Brian Stoltz (California Institute of Technology)
Brian M. Stoltz was born in Philadelphia, PA in 1970. After spending a year abroad at the Ludwig Maximilians Universität in München, Germany, he obtained his B.S. degree in Chemistry and B.A. degree in German from the Indiana University of Pennsylvania in Indiana, PA. Following graduate work at Yale University in the lab of John L. Wood and an NIH postdoctoral fellowship at Harvard in the Corey lab he took a position at the California Institute of Technology. A member of the Caltech faculty since 2000, he is currently Professor of Chemistry. His research interests lie in the development of new methods for general applications in synthetic chemistry and biologically active small molecules. Among his many distinctions, Professor Stoltz has been the recipient of the Arthur C. Cope Scholar and the E. J. Corey Awards from the American Chemical Society, the Presidential Early Career Award in Science and Engineering (PECASE) from the White House, the 2009 Raymond and Beverly Sackler Prize in the Physical Sciences for Chemistry, and was the 2015 recipient of the Mukaiyama Award by the Society of Synthetic Organic Chemistry, Japan.
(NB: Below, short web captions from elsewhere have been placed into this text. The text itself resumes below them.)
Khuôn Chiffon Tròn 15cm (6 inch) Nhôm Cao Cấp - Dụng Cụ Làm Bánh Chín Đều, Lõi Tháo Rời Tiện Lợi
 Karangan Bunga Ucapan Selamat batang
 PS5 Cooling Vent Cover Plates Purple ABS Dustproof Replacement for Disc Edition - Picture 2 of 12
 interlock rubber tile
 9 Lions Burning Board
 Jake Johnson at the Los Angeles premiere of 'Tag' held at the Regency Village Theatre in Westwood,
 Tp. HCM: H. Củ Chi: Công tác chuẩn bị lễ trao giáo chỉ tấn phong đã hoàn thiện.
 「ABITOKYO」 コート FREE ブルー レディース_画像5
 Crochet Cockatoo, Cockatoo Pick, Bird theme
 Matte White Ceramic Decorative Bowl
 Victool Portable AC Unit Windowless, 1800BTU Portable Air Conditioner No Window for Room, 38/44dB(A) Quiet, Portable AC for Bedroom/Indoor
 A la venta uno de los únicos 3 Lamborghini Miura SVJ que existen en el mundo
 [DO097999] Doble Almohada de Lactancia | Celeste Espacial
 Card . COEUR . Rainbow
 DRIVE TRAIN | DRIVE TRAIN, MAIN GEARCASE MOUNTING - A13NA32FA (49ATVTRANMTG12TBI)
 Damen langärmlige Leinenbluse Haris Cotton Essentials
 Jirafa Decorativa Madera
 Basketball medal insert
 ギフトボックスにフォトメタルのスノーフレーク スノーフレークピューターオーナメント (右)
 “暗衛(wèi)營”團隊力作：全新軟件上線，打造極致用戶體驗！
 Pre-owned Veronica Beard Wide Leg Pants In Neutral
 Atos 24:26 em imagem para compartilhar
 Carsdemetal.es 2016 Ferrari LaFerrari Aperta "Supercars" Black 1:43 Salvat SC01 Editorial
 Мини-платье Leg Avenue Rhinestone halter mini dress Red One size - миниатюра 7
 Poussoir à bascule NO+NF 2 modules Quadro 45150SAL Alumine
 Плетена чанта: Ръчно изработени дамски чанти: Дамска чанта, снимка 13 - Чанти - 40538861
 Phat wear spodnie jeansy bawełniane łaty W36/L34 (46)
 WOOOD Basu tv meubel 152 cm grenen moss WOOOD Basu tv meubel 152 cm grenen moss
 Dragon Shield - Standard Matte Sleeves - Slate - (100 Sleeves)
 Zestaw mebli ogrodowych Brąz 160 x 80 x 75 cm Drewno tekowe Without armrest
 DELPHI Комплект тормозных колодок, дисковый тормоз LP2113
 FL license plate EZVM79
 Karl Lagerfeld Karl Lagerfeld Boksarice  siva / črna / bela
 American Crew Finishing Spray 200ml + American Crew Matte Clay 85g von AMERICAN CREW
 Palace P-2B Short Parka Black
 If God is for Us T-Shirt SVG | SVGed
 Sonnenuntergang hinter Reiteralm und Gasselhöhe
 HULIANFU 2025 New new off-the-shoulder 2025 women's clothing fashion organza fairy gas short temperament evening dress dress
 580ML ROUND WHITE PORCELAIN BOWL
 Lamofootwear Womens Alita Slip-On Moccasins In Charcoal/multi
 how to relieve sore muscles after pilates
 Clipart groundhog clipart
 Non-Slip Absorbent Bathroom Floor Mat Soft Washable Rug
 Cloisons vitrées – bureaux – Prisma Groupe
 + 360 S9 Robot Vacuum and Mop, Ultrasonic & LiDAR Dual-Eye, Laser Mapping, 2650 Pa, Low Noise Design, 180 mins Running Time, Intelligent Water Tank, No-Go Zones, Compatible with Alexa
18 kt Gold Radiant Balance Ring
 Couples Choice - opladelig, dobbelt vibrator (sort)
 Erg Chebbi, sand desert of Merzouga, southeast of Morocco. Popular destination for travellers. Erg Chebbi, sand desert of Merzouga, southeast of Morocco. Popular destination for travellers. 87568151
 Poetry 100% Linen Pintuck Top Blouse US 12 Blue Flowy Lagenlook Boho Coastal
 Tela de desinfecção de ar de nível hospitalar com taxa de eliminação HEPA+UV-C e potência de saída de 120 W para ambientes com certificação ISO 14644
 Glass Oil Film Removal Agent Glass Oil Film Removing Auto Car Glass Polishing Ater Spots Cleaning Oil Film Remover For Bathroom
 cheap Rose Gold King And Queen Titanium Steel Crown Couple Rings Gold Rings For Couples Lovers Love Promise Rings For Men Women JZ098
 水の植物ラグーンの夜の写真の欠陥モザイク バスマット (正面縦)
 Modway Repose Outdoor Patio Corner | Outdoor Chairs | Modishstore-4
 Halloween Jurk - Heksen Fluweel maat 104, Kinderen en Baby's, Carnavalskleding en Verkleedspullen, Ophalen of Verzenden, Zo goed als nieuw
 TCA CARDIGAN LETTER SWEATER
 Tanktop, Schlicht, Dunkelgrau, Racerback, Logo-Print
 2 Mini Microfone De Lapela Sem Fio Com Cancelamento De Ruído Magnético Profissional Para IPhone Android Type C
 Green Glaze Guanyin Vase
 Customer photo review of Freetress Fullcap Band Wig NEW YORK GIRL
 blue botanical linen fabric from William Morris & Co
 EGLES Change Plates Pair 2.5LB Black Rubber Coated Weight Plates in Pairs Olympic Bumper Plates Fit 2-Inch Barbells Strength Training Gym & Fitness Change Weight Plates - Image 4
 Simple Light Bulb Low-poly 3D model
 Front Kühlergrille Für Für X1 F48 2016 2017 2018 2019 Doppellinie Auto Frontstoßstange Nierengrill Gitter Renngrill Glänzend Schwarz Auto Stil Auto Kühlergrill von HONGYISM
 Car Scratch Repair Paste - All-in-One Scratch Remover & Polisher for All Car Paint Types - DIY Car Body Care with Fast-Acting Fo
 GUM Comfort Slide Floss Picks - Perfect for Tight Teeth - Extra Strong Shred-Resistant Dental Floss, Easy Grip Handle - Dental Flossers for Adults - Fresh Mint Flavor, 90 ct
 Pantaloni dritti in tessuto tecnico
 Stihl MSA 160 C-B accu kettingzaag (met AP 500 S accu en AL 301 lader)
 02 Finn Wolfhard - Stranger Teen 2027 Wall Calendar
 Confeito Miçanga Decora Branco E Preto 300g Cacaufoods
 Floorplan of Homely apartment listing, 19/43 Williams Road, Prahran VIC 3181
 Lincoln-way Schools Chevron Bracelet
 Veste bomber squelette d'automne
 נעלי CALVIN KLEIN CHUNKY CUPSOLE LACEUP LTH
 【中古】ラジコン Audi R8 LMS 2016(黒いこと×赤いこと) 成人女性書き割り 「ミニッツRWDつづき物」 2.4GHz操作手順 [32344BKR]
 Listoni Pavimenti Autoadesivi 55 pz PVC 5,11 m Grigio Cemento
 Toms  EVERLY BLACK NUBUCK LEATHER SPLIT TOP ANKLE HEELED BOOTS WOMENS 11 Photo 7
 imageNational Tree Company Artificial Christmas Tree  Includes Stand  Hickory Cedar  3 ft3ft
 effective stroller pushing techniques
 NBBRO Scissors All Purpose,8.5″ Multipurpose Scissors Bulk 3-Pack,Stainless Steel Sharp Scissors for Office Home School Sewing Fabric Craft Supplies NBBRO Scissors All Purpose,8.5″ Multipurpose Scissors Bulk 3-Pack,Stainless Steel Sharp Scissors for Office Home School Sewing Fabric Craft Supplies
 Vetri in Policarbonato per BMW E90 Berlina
He was named the recipient of the 2018 American Chemical Society Award for Creative Work in Synthetic Organic Chemistry and in 2019 became a Fellow of the American Chemical Society. Professor Stoltz has trained more than 200 students and postdocs, who have gone on to successful independent careers in industry and academia. In 2017, he was awarded the Richard P. Feynman Prize for Excellence in Teaching at Caltech, the highest honor for teaching at the institute.